Sacramento's "Secure Choice" Pooled 401K – Too Frugal for Public Workers

Edward Ring

Director, Water and Energy Policy

Edward Ring
April 12, 2016

Sacramento's "Secure Choice" Pooled 401K – Too Frugal for Public Workers

In a move of breathtaking hypocrisy, California’s legislators have unveiled a financially sustainable retirement security program for private workers, while keeping financially unsustainable pensions for public workers.

What private sector employers and private sector workers need to ask, more than anything, is if this new retirement security scheme is so great, why aren’t public employees going to also adopt it?

That’s a really good question. And the answer is simple:  The pensions they’re already getting, paid for by taxpayers, are far. far better. Way better. Out of this world better. Crazy better. Goofy better.

Take a look at the official recommendations made on March 28, 2016 to the California Legislature. In this document, on page 53, there is a table showing “income replacement” based on years paying into the system at various contribution rates. At a contribution rate of 5%, after working 30 years, a participant can expect income replacement in retirement of 13.8%. That is, if they made $100,000 per year in their final year of work, they would get a “pension” of $13,800 per year.


If you normalize “Secure Choice” plan’s proposed contribution rate to 10% of payroll, comparisons to public pensions are possible. Because 10% is a good rough number to use for public sector employee contributions via payroll withholding. Teachers and bureaucrats pay a bit less than 10%, members of public safety pay a bit more than 10%. Here are the comparisons:

Public sector:  Teachers/Bureaucrats, 30 years work  –  pension is 75% of final salary.

Public sector:  Public Safety, 30 years work – pension is 90% of final salary.

Private sector:  “Secure Choice,” 30 years work – pension is 27.6% of final salary.

There are two reasons for this gigantic disparity. First, public pension funds collect far more than 10% of salary. While the employee rarely pays more than 10% via withholding, the employer – that’s YOU, the taxpayer – typically kicks in another 20% to 40% or more. Second, public pension funds assume a “risk free” rate of return of 7.0% per year. How much will the “Secure Choice” plan assume? Refer again to the official recommendations, this time page 16:

“Senate Bill 1234 will allow the Board to: Establish managed accounts that would be invested in U.S. Treasuries for the first three years of the program…. After three years, the Board should begin to develop investment options that address risk-sharing and smoothing of market losses and gains.”
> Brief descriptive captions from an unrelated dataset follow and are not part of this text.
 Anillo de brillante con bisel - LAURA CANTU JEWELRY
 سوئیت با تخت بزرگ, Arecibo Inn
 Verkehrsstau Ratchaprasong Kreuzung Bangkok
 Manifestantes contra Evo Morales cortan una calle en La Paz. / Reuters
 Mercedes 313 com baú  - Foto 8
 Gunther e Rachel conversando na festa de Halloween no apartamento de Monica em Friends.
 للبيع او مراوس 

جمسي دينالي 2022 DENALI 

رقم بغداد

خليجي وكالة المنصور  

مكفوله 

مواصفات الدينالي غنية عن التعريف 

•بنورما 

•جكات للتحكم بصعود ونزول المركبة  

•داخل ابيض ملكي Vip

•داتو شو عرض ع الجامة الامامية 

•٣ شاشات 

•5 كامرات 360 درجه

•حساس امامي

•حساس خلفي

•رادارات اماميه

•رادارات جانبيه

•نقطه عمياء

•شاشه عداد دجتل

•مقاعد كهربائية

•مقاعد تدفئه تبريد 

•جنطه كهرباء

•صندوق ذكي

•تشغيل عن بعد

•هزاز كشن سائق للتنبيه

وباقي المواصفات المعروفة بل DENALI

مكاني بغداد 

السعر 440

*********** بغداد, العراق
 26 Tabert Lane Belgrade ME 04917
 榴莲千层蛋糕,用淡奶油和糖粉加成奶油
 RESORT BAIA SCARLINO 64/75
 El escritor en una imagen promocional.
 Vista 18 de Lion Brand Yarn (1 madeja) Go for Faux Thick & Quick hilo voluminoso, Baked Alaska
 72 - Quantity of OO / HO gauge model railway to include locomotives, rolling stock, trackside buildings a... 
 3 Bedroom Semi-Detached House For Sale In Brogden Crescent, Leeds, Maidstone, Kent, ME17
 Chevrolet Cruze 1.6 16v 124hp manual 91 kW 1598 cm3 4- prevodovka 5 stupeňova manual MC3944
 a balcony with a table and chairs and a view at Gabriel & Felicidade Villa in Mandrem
The 30 year T-Bill is currently paying 2.69%.

Let’s recap:

Public sector:  The “risk free” annual return for their pension funds is ” 7.5% per year.

Private sector:  The “risk free” annual return for their “Secure Choice” is 2.69%. per year.

Ah, but wait! The attentive reader may wonder what may happen after three years. Because the recommendations specify that “investment options” shall be “developed” after three years of investing in T-Bills. Which brings us to the second monstrous hypocrisy – the “Secure Choice” pooled 401K funds will be managed by those same private sector investment firms that defenders of the pension funds routinely demonize.

How much money? If 50% of California’s 6.8 million eligible private sector workers participate, using the U.S. Census Bureau’s median income estimate for California’s private sector workers of $45,000 per year, at a contribution rate of 5%, you’re talking about $7.6 billion per year. Not much compared to the $30 billion that gets poured into California’s state/local government pension systems each year, or the $45 billion per year that those systems actually require to remain solvent, but nonetheless it is a huge chunk of change.

The sad irony amid all this hypocrisy is that the “Secure Choice” program has the virtue of being far more financially sustainable than public sector pensions. With lower risk investments, modest benefit formulas, and the built in capacity to adjust benefits to ensure solvency, this pooled 401K – which could also be termed an adjustable defined benefit – is a system that can be offered to all citizens without blowing up. There are many problems, the employer mandate and the “opt-out” provision are two obvious ones, but at least it is an attempt at creating the so-called three legged stool of retirement security: Social Security, supplemented the “Secure Choice” program, supplemented by individual retirement accounts.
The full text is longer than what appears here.